値引き交渉不可能なテスラに顧客が満足する理由 「合理化」と「おもてなし」の融合がDXのツボ
しかし、こちら側の不具合報告はすべてテスラ側で情報共有されており、予約の数日前に担当者より修理内容の確認の電話連絡があり、顧客との対話を開始するアナログのおもてなしもある。そのような準備の結果、店舗での修理はすぐに完了する。
つまり、テスラでは不具合の報告から修理に至るまでのプロセスのほとんどが、デジタル化によって合理化されている。そして、電話での事前確認と最後の対面対応の部分だけ、アナログ対応を採用しているのだ。

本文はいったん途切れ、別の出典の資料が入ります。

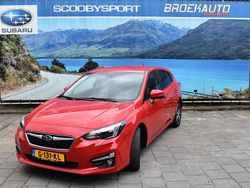 Rood Gebruikt 2019 Subaru Impreza Hatchback | € 21.250
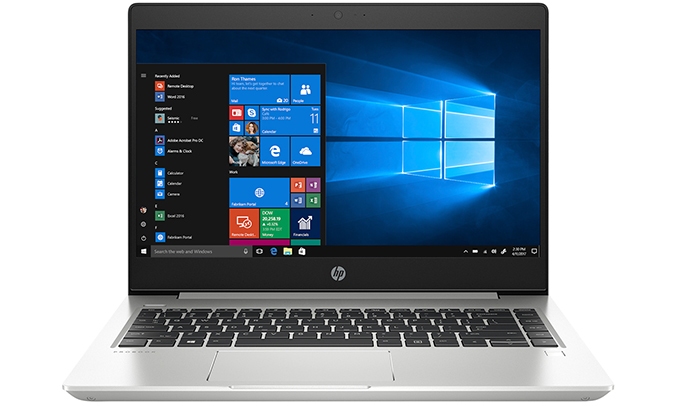 Laptop HP Probook 440 G6 (5YM61PA) màn hình rõ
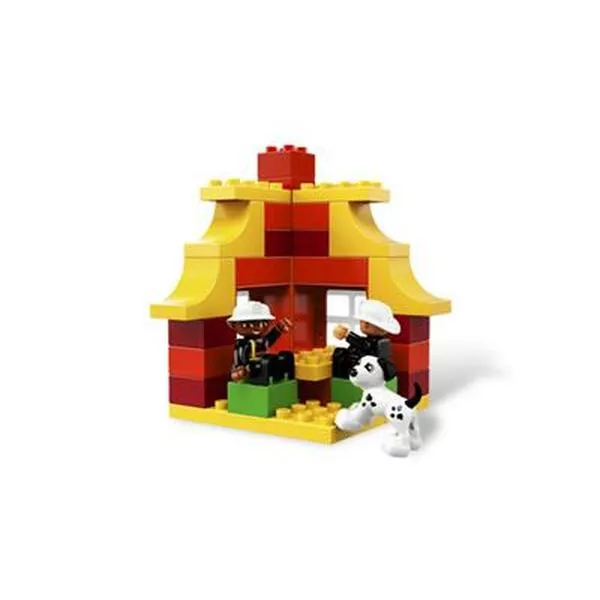 DUPLO 6138 My First Fire Station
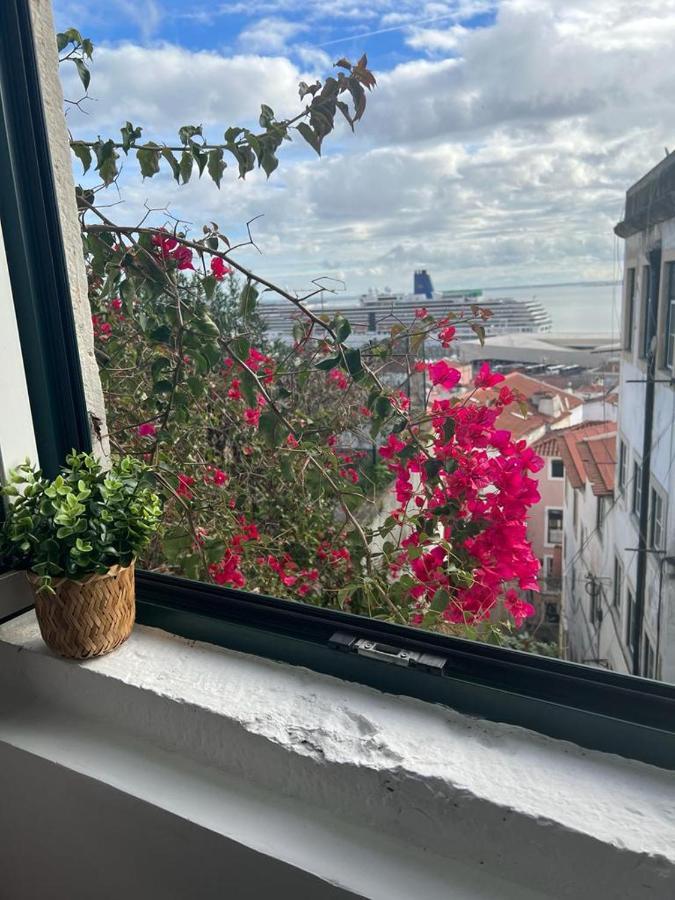 Apartmán Alfama Authentic Lisboa Exteriér fotografie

こうしたアプローチに対して「ユーザーに不具合を報告させるのか!」と怒る顧客層をテスラはターゲットとしていない。ていねいではあるが、担当窓口が変わるたびに不具合状態を説明し直さなければならない、属人的な対応のほうがストレスだと感じる層に「刺さる」サービスを作り上げ、顧客満足度を向上させているのだ。こうした対応こそが、デジタルを使いながらも、顧客とメーカーの距離を近づけるサービスである。
サークルのノリをもつオーナーズクラブ
もう1つ注目したいのは、オーナーコミュニティである。テスラはアメリカやカナダ、日本などテスラオーナーたちが独自にオーナー団体「テスラオーナーズクラブ」を立ち上げ、情報交換したり、親睦を深めるイベントを開催したり、新機能の研究会などを実施している。私自身、テスラに乗って1年になるが、オーナーズクラブでの交流はサークルのノリで、リアルの集まりもあり、非常にアナログであると感じている。

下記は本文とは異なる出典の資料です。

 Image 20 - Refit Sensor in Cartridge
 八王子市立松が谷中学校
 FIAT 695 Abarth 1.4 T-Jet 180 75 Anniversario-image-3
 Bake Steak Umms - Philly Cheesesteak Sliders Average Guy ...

そのようなアナログなコミュニティの仲間が、ユーチューバーとなって、テスラの自動車のインプレッションを行う。それはテスラにとって重要な「マーケティング活動」であり、ユーチューバー自身は広告収入を得ることができ、ユーチューブの視聴者は価値ある本当の情報を得ることができる。視聴者が購買を検討しているならば、意思決定の材料となる。
テスラは営業活動やセールスマーケティングを極限に絞っていると述べたが、こうした背景があるのだ。Win-Win-Winの関係ができている。もし損失があるとするならば、マーケティング費用が投下されない既存メディアなのかもしれない。